VR simulators can be a promising strategy in learning OD. However, their current cost demands a huge financial investment. This technology can only become a real massive presence in dental schools worldwide when production and commercialization prices decrease.

The presented results were very encouraging for the subsequent development of DENTIFY. In addition, the authors hope that these results may serve to stimulate research and other researchers for the purposes of introducing progressively better and more realistic models in dental education. Although momentaneously limited to OD, our main objective is to convert it into a multidisciplinary simulator in Dental teaching, both in undergraduate and postgraduate contextes. Once we’ve finished the Operative Dentistry simulator, we intend to bring other departments closer and involve them in the construction of a full DENTIFY concept. Our domestic implementation plan includes gradually immersing our dental students in the DENTIFY ecosystem by adding different teaching scenarios. DENTIFY is, ultimately, a pedagogically-driven concept with the objective of bringing these most promising technologies in service of our student’s difficulties. We wish for our students to be able to include number of simulation hours and virtual tasks performed (similarly to what actually happens in Aviation), hoping that these enhance their dental skills and, simultaneously, give them a competitive edge when entering the work market.

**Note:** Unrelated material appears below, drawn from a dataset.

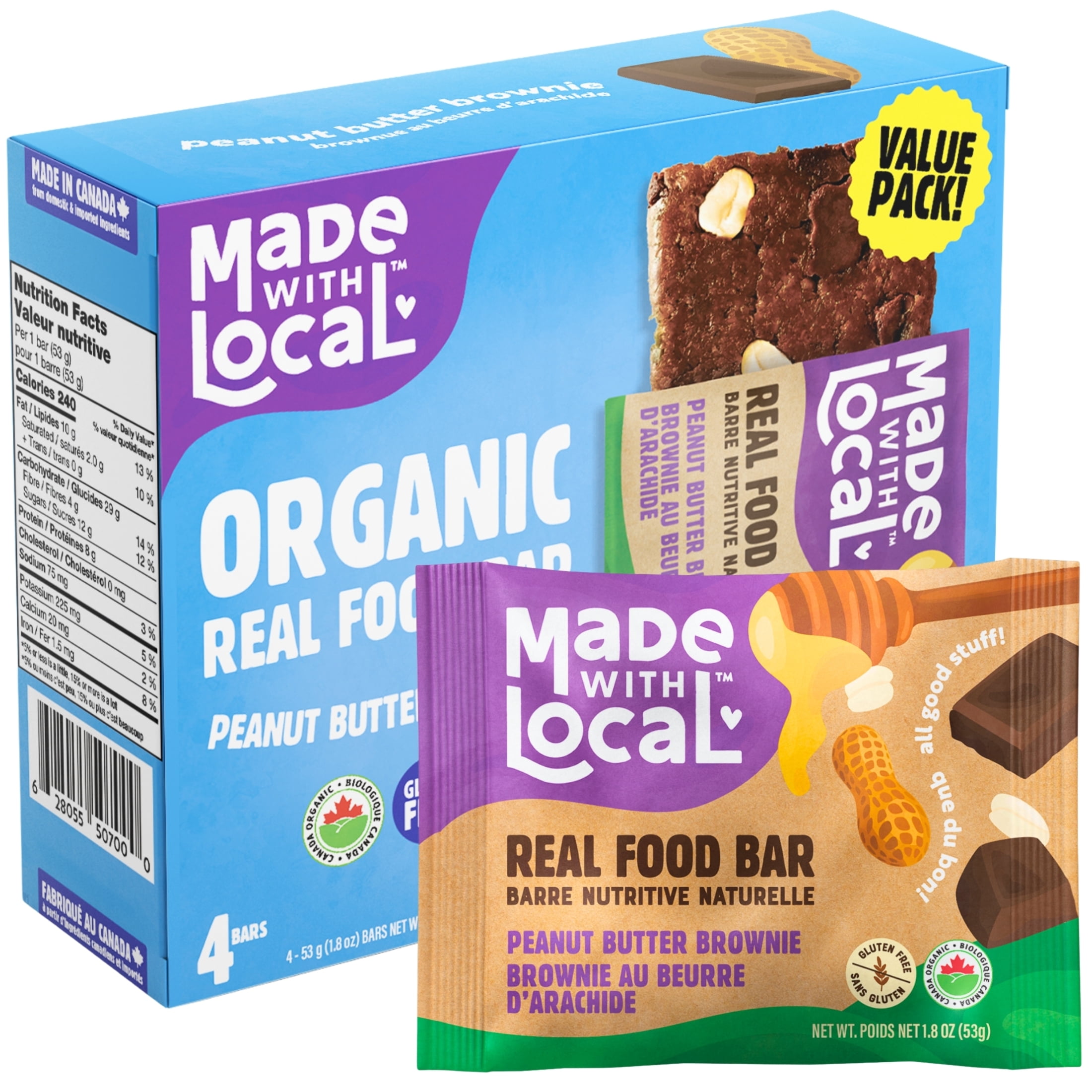 Made with Local Peanut Butter Brownie Organic Energy Bars (Organic, Gluten-Free, Non-GMO, 8g Protein, Simple Ingredients, Made in Canada), 4-Pack (212 g)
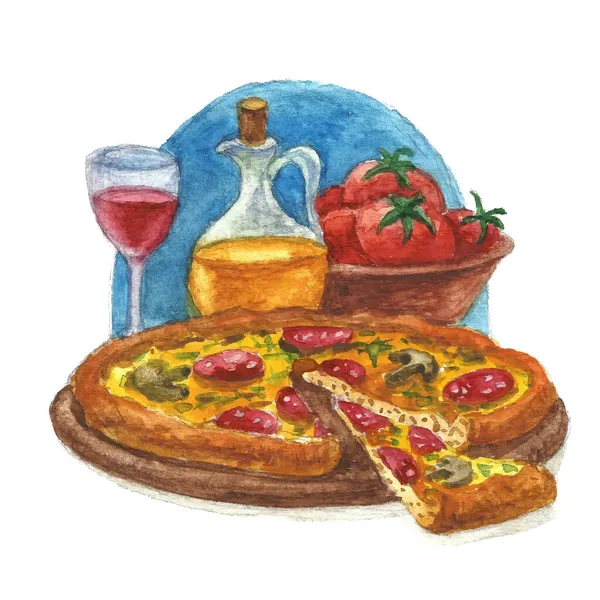 Ilustración Pizza Con Tomates — Archivo Imágenes Vectoriales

Our participants were in good physical health and had no relevant issues that could affect the use of VR headsets. Pre-existing physical impairments can be considered to have influence on user performance and, subsequently, experimental results. These must be taken into consideration for these technologies to become generally accessible in dental schools. Visual impairments are normally corrected by spectacles or contact lenses (it may be interesting to explore whether these corrective measures impact performance) and the probability of undiagnosed visual diseases is seldom. This variable should be addressed in future tests (Supplementary Information S1).